特許無効審判の審決に対する取消訴訟においては,審判で審理判断されなかった公知事実を主張することは許されないところ(最高裁昭和42年(行ツ)第28号同51年3月10日大法廷判決・民集30巻2号79頁参照),この理は,実用新案登録無効審判の審決に対する取消訴訟についても,同様に当てはまるものというべきであるから,無効審判において実用新案法3条1項各号(同条2項において引用される場合を含む。以下,同じ。)に掲げる考案に該当するものとして審理されなかった公知事実については,取消訴訟において,これを同条1項各号に掲げる発明として主張することは許されない。
しかしながら,審判において,実用新案法3条1項各号に掲げる考案に該当するものと主張され,その存否が審理判断された事実に関し,取消訴訟において,当該事実の存在を立証し,又はこれを弾劾するために,審判での審理に供された証拠以外の証拠の申し出をすることは,審判で審理判断された公知事実との対比の枠を超えるということはできないから,これが許されないとする理由はない。

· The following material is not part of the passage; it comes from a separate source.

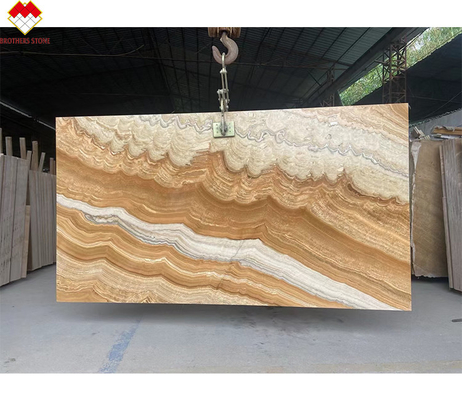 Moderno stile di design retroilluminato giallo Onyx libro corrispondenza con moderno naturale tigre Onyx Slab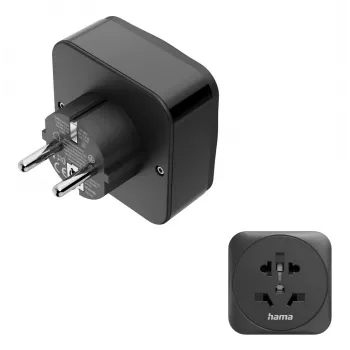 Hama 00223460 netstekker-adapter Type E/F hybride universeel zwart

そして,検甲1,甲19〜35,37,39〜59は,いずれも本件審判における審理に供されなかった証拠ではあるが,本件審判で審理判断の対象とされなかった公知事実を立証しようとするものではなく,本件審判において審理判断され,本件審決においてその存在を認められなかった引用考案1に係る前記@及びAの事実について,その存在を立証しようとするものであるから,これらに基づいて本件審決の誤りを主張することは許されるものというべきである。
被告の主張は採用することができない。
(3) 被告は,本件審決の引用考案1の認定が誤りであるとしても,本件考案1,2は,いずれも引用考案1及び2に基づいて,当業者がきわめて容易考案することができたものではないから,上記誤りは本件審決の結論に影響するものではないと主張する。
しかし,本件審決は,引用考案1において左右のハンドルが弾性ロープによって連接されていることを看過した結果,原告が主張する本件考案に対する無効理由は前提自体が成り立たないとして,引用考案1と本件考案とを対比検討して本件考案の容易想到性の有無について判断しないまま,原告が主張する本件考案1及び2に対する無効理由は根拠がないと結論付けたものであるから,容易想到性の点について検討するまでもなく,上記引用考案1の認定の誤りが,本件審決の結論に影響を及ぼすものであることは明らかであり,本件審決は取消しを免れないというべきであって,被告の主張は失当である。
2結論以上の次第で,原告主張の取消事由は理由があり,本件審決は取消しを免れない。
したがって,原告の本件請求は理由があるから,これを認容することとし,主文のとおり判決する。